For simple DVFS architectures (where software is in full control) we trivially
compute the ratio as::
f_cur
r_dvfs := -----
f_max
For more dynamic systems where the hardware is in control of DVFS we use
hardware counters (Intel APERF/MPERF, ARMv8.4-AMU) to provide us this ratio.
For Intel specifically, we use::
APERF
f_cur := ----- * P0
MPERF
4C-turbo; if available and turbo enabled
f_max := { 1C-turbo; if turbo enabled
P0; otherwise
f_cur
r_dvfs := min( 1, ----- )
f_max
We pick 4C turbo over 1C turbo to make it slightly more sustainable.
r_cpu is determined as the ratio of highest performance level of the current
CPU vs the highest performance level of any other CPU in the system.
r_tot = r_dvfs * r_cpu
The result is that the above 'running' and 'runnable' metrics become invariant
of DVFS and CPU type. IOW. we can transfer and compare them between CPUs.
For more detail see:
- kernel/sched/pelt.h:update_rq_clock_pelt()
- arch/x86/kernel/smpboot.c:"APERF/MPERF frequency ratio computation."

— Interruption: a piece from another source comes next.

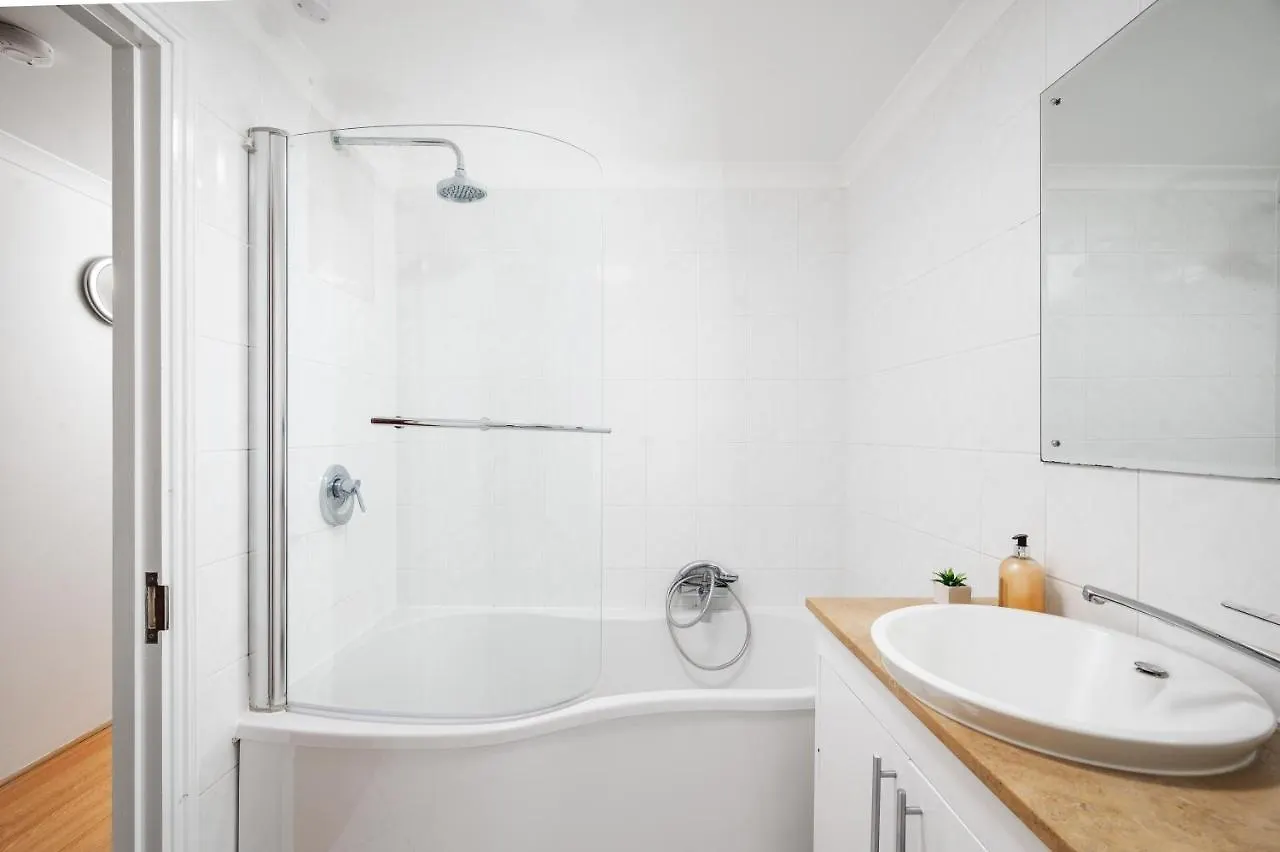 Riverside Two Bedroom Apartment In Canary Wharf London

- Documentation/scheduler/sched-capacity.rst:"1. CPU Capacity + 2. Task utilization"
UTIL_EST
========
Because periodic tasks have their averages decayed while they sleep, even
though when running their expected utilization will be the same, they suffer a
(DVFS) ramp-up after they are running again.
To alleviate this (a default enabled option) UTIL_EST drives an Infinite
Impulse Response (IIR) EWMA with the 'running' value on dequeue -- when it is
highest. UTIL_EST filters to instantly increase and only decay on decrease.
A further runqueue wide sum (of runnable tasks) is maintained of:
util_est := \Sum_t max( t_running, t_util_est_ewma )
For more detail see: kernel/sched/fair.c:util_est_dequeue()
UCLAMP
======
It is possible to set effective u_min and u_max clamps on each CFS or RT task;
the runqueue keeps an max aggregate of these clamps for all running tasks.
For more detail see: include/uapi/linux/sched/types.h
Schedutil / DVFS
================
Every time the scheduler load tracking is updated (task wakeup, task
migration, time progression) we call out to schedutil to update the hardware
DVFS state.
The basis is the CPU runqueue's 'running' metric, which per the above it is
the frequency invariant utilization estimate of the CPU. From this we compute
a desired frequency like::
max( running, util_est ); if UTIL_EST
u_cfs := { running; otherwise
clamp( u_cfs + u_rt , u_min, u_max ); if UCLAMP_TASK
u_clamp := { u_cfs + u_rt; otherwise
u := u_clamp + u_irq + u_dl; [approx. see source for more detail]
f_des := min( f_max, 1.25 u * f_max )
XXX IO-wait: when the update is due to a task wakeup from IO-completion we
boost 'u' above.
This frequency is then used to select a P-state/OPP or directly munged into a
CPPC style request to the hardware.
XXX: deadline tasks (Sporadic Task Model) allows us to calculate a hard f_min
required to satisfy the workload.
Because these callbacks are directly from the scheduler, the DVFS hardware
interaction should be 'fast' and non-blocking. Schedutil supports
rate-limiting DVFS requests for when hardware interaction is slow and
expensive, this reduces effectiveness.
For more information see: kernel/sched/cpufreq_schedutil.c
NOTES
=====
- On low-load scenarios, where DVFS is most relevant, the 'running' numbers
will closely reflect utilization.
- In saturated scenarios task movement will cause some transient dips,
suppose we have a CPU saturated with 4 tasks, then when we migrate a task
to an idle CPU, the old CPU will have a 'running' value of 0.75 while the
new CPU will gain 0.25. This is inevitable and time progression will
correct this. XXX do we still guarantee f_max due to no idle-time?
- Much of the above is about avoiding DVFS dips, and independent DVFS domains
having to re-learn / ramp-up when load shifts.